В 1928–1929 гг. литература выросла, качественных произведений и новых талантов стало в разы больше. По-прежнему в строю были А. Толстой, И. Эренбург, М. Пришвин, А. Белый, С. Сергеев-Ценский, П. Романов, Вяч. Шишков, В. Катаев, А. Веселый, явились Ильф и Петров, Н. Никандров, П. Павленко, Р. Акульшин, поразил и прогремел М. Шолохов, таил в себе какие-то еще непонятные сокровища слова и духа А. Платонов. И все это благодаря свободе творчества, данной нэпом. «Лабораторная» пролетарская литература явно проигрывала литературе вне направлений, настоящей, идущей от жизни, а не от тезисов Авербаха. Но, видимо, не все еще понимали, что радикальная советизация литературы — не очередная кампания Авербаха и Ко вроде «одемьянивания поэзии», а новая литературная, сталинская политика по выравниванию всех писателей под советских, без различия литературных званий («попутчик» или «пролетарский писатель») и принадлежности к группам («ЛЕФовец» или «Перевалец»). И продолжали писать опасные вещи. Иванов, переживший нравоучительную критику «налитпостовцами» своих рассказов «Гибель Железной» и «Особняк», а ранее пьесы о бронепоезде, претензии вряд ли принимал и понимал. Его голова, т. е. писательское творческое сознание, была устроена так, что без внезапности и пародийности обойтись не могла.

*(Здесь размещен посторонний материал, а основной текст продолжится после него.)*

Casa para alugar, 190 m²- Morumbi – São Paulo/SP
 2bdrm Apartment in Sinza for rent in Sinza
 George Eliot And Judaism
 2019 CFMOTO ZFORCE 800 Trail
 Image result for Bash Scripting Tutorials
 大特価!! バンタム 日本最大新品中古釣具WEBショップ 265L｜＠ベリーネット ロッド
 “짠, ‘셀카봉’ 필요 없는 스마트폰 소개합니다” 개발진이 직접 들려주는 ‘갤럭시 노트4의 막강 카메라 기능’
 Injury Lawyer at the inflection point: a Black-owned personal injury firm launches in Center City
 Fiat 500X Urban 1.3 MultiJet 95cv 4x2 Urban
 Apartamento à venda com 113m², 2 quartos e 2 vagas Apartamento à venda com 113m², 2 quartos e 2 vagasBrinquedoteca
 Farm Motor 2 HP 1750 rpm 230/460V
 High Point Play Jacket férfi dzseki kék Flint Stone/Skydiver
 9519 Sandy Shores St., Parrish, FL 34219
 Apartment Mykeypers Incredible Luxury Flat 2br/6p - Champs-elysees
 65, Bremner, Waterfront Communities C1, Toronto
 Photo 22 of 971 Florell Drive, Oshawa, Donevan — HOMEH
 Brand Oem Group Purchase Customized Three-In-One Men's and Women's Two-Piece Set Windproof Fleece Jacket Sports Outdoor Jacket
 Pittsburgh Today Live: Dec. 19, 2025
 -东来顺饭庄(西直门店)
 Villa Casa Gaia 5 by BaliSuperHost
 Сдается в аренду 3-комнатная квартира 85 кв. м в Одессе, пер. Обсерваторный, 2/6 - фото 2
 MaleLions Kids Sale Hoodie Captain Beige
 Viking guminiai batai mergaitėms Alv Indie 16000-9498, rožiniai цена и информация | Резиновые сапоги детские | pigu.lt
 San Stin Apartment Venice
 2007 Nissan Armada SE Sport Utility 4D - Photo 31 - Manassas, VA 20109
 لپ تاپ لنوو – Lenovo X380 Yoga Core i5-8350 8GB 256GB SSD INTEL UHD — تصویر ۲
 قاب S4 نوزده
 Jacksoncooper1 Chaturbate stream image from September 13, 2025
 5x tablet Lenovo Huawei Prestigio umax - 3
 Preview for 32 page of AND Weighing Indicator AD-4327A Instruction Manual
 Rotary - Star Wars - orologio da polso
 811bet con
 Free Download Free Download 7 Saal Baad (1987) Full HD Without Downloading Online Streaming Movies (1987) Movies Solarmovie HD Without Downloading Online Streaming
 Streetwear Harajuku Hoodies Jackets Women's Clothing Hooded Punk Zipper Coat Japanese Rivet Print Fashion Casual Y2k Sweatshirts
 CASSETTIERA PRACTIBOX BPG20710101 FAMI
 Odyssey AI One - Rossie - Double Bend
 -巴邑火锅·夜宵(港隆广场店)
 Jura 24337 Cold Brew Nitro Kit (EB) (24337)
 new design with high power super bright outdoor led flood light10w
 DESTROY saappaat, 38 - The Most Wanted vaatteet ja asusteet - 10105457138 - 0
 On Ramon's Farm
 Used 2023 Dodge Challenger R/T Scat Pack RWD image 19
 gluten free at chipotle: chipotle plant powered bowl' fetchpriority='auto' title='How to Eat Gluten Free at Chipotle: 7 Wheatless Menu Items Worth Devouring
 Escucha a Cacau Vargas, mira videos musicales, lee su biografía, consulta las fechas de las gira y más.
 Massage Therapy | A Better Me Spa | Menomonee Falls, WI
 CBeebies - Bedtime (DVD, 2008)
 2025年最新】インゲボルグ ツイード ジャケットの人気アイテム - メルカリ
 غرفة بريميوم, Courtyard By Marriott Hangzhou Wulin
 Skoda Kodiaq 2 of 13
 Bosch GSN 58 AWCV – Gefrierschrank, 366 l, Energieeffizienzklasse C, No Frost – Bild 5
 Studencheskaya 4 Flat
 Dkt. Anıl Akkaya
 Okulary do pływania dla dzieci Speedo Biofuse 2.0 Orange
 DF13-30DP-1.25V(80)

Даже если бы ее «отрубили» репрессиями, подобными тем, которые учинили над Пильняком или Булгаковым, он все равно бы писал так, как ему заповедал его талант. И вряд ли случайно в очередном его произведении «Микаил — Серебряная дверь», как будто бы традиционном для него, восточном, отрубленная голова комиссара Оглобищенко продолжала чувствовать, видеть, петь. Хотя давно была снята с плеч ударом вражеской сабли и лежала в полосатом мешке туркмена ради обладания великолепным конем по имени Серебряная дверь.
Не так ли и Иванов шагнул в свой новый литературный век, еще не зная, что рапповцы ему не дадут уже писать по-старому, условно говоря с «отрубленной головой» прежних лет своего писательства, напишет два романа. Незаконных, непонятых, между 1920-ми и 1930-ми годами застрявших, похожих друг на друга и в то же время совершенно разных. Но Серебряная дверь, как Серебряный век, еще где-то бродила непойманной в пустынях литературной истории. Серебряный век русской литературы продлится еще и в 1930-х гг., вплоть до 1960-х. Отрубленная голова возвратится на место. Как в знаменитом булгаковском романе.